Кстати, березки — немаловажная часть декоративного убранства "Дяди Вани". Штайн вообще склонен к скрупулезному воссозданию на сцене условий жизни того времени, в котором разворачивается действие чеховских пьес. Его часто упрекают в чрезмерном историзме постановок, что вызывает гнев лидера европейской режиссуры: "Я знаю предрассудки общественного мнения Германии обо мне и моей любви к истории. Я просто стараюсь придать тексту ту достоверность, что необходима в театре. Когда в пьесе говорят, что самовар остыл, я отказываюсь выносить на сцену презерватив с кровью и делать вид, что это самовар. Так теперь модно в Германии. У меня просто нет психической возможности так обращаться с текстом. К тому же актеры и зрители — современные люди. У нас ноги, которые умеют водить машину, а глаза размером с телеэкран — и этого вполне довольно, чтобы спектакль был современным. Мне же интересен человек, который умер сто лет назад и продолжает говорить с нами. Я сам ненавижу мелочи на сцене (все эти самовары и платки), я сам предпочитаю свободное пространство 'Орестеи', но в Чехове это невозможно. Чтобы показать музыкальность и духовность, существующие в этой ужасной жизни, необходимы все эти банальные и грязные вещи. Питер Брук совершенно изменил сценографию 'Вишневого сада', но и у него был самовар".
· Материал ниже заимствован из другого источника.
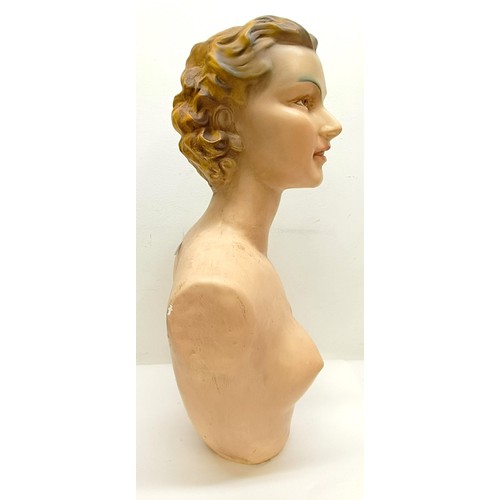 17 - A mid-20th century plaster bust of a woman, 60 cm high Provenance:  A single owner collection, from ... 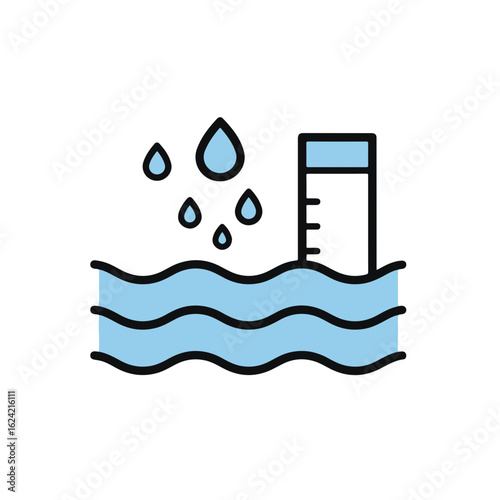 An illustration depicts a water level with water drops.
Не менее темпераментно и жестко реагировал режиссер на вопрос об "американизации" российской культуры: "Мы, немцы, после второй мировой войны выбросили на свалку собственную историю. Это было необходимо, чтобы дальше продолжать жить в семье народов. В пятидесятые годы мы стали практически американской колонией, мы позаимствовали у них даже манеру сыпать соль. И это нас спасло. Никто при этом не может сказать, что немцы — это не немцы, но это не те немцы, что пятьдесят лет назад. Россия тоже оказалась изолированной от мира, но десять лет назад решила жить в мире с другими. Русская душа — очень консервативное понятие, она выйдет из этого процесса неповрежденной".